I split up the 30 percent this way- 10 percent went into my Roth IRA, 10 percent towards my savings, and 10 percent towards my smallest student loan. (My largest student loan already had a crazy amount of money going towards it because its minimum was so high. But I digress.)

And I followed my financial resolutions through thick and thin for the whole year and am continuing with them. There was a moment where I even tried to up my payout percentage to 40%, but that was way too much. Other than that- the 30% resolution was actually quite simple: whenever I received a paycheck I’d log onto Chase.com and make my transfers. There was something extremely satisfying about the whole thing.

If you’re making financial resolutions for the New Year, my advice is much like Jane’s in her last post: break down the goal into easy steps. My financial resolutions last year were simply:

1. Put money into savings

2. Pay down student loan

3. Put money into Roth IRA

A lot less would have gotten done if I’d stopped there instead of making the simple breakdown of 10% from every paycheck towards each category.

So, if you have savings goals, save yourself a headache and break them down into steps that seem so easy as to be almost automatic. In fact, you can even automate the savings process by having your bank automatically put a certain amount of money into your Roth IRA and savings account every month. Just about all banks will do this for you.

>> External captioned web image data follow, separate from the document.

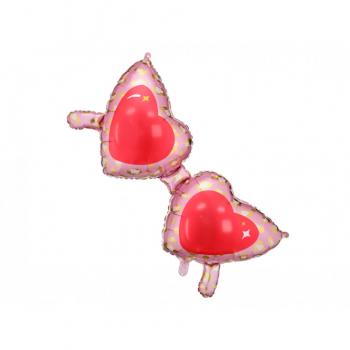 Шар "Очки сердечки", 95 см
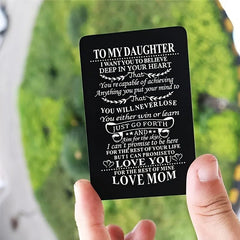 Alloy Card Postcard Love Family Christmas Gift Kids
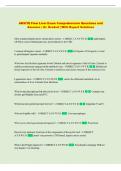 BSC 2085 Unit 3 Lab-Full body Questions and Answers &lpar;100 &percnt;Score&rpar; Latest  Updated 2026 &vert; With Expert Solutions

Since I’m self-employed and am paid a different amount every month, I kept my process manual. Also, I get a gleeful joy out of manually saving money, but I’m weird like that.

Anyway, this year my financial goals are:

1) Pay extra $$ towards my BIG student loan

-This is broken down into the easy steps of

a) Finish paying down the little student loan the same way I was before. Just about done!

b) Put the 10% (plus the monthly minimum) I was putting into the small loan towards the big loan instead.


2) Find a savings account that pays way more interest than my bank. 

– Done! I guess once more I cheated on this one…I did it last week before New Years. But don’t worry if you hate your savings account, I’ll talk about better ones in another post soon and help you set that up too if you like. For now, if you’re interested in how much you should be saving, I wrote about it here.

3) Switch my Retirement Plan from a Vanguard Target Date fund to a different Vanguard account now that I have more money in my Roth IRA. 

– This involves a couple of breakdown steps including investigating Vanguard’s other options and figuring out more about how to manually choose funds. I’ll explain why I’m doing this in another post as well. And if you’re interested in retirement plans in general (or if you don’t know what the heck I’m talking about), I talk all about why retirement accounts are important here and here and here.

Of course, there’s my fourth financial resolution which I haven’t yet broken down, and that’s:

4) Discover additional sources of income. 

I lied about not having this goal last year. I have this goal every year, and I’m always messing with the breakdown. There’s quite a bit of work ahead. Sometimes breaking down resolutions can be as tough as keeping them 😉

What are some of your financial resolutions for the new year?